At the time I was supervising a student who was doing a great job looking for events in which an hypothetical particle called vector-like top quark was created. In a fraction of the cases, this particle is predicted to decay into a top quark and a Higgs boson with high momentum. Armed with my experience with boosted jets, we started looking for this kind of signature in the data.
Soon I realized that there was a number of events that featured a “bump” in the mass distribution of the more energetic boosted jet around 100 GeV. The feature could be made more evident by selecting a sub-sample of events in which the jet was tagged as originating from a Higgs boson and to contain at least one B-meson. That was the tell-tale sign of a particle decaying to a pair of bottom quarks. According to my expectation, there should have been none in the sample under scrutiny.

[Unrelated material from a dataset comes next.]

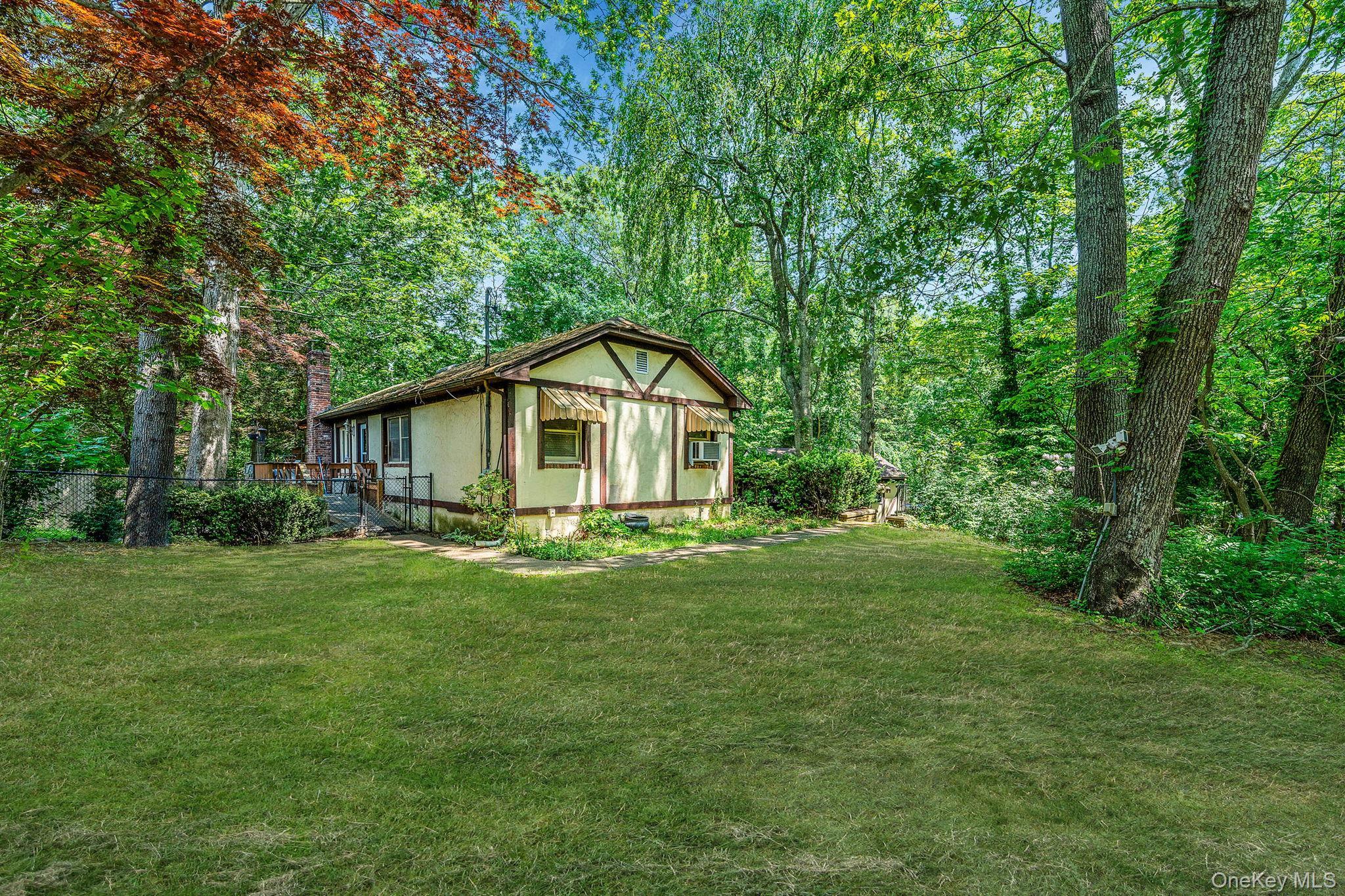 Single Family Oakwood  Suffolk County, NY 11792, MLS-874098-3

If you haven’t heard of this story is because my student was keen enough to run a simulation of QCD multi-jet events with high momentum. Despite the fact that this kind of process is known not to be simulated correctly due to difficulties to describe how the mass of the jets arise from more basic interactions, the distribution obtained matched almost perfectly the real data. Does this account as an explanation? I think so under any reasonable standard. Still, if you asked me to explain exactly what happened, I can’t really say. Probably, the tagging algorithm picked up events in which the energy of the boosted jet was concentrated in a narrow region around its axis, and whose mass fell into the accepted “mass window”. I’ll never find out for sure.

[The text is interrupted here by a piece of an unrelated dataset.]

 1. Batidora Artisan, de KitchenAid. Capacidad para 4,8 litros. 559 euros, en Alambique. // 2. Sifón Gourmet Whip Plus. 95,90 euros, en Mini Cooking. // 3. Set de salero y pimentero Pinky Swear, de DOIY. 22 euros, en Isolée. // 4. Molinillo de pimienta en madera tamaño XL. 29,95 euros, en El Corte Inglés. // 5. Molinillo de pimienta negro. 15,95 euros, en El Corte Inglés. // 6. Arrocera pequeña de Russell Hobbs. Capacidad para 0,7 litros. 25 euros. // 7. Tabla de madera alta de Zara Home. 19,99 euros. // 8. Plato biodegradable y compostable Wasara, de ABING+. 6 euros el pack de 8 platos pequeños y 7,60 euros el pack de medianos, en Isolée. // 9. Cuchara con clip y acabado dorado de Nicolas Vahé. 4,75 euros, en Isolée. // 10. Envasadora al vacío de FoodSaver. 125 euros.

I wanted to share these two stories because I think that one can learn more from a mistake than from a success. Now that I am not part anymore of a scientific collaboration, I feel like I am in a position to urge former collaborators to do the same when possible. This is true for science but certainly for technology as well, where people working on neural networks and other wonders keep hitting their heads against a wall until something good happens. But the beauty of the process is in fact in the hundred times it didn’t work out. It’s by understanding why, and where our biases are, that we make real advancements.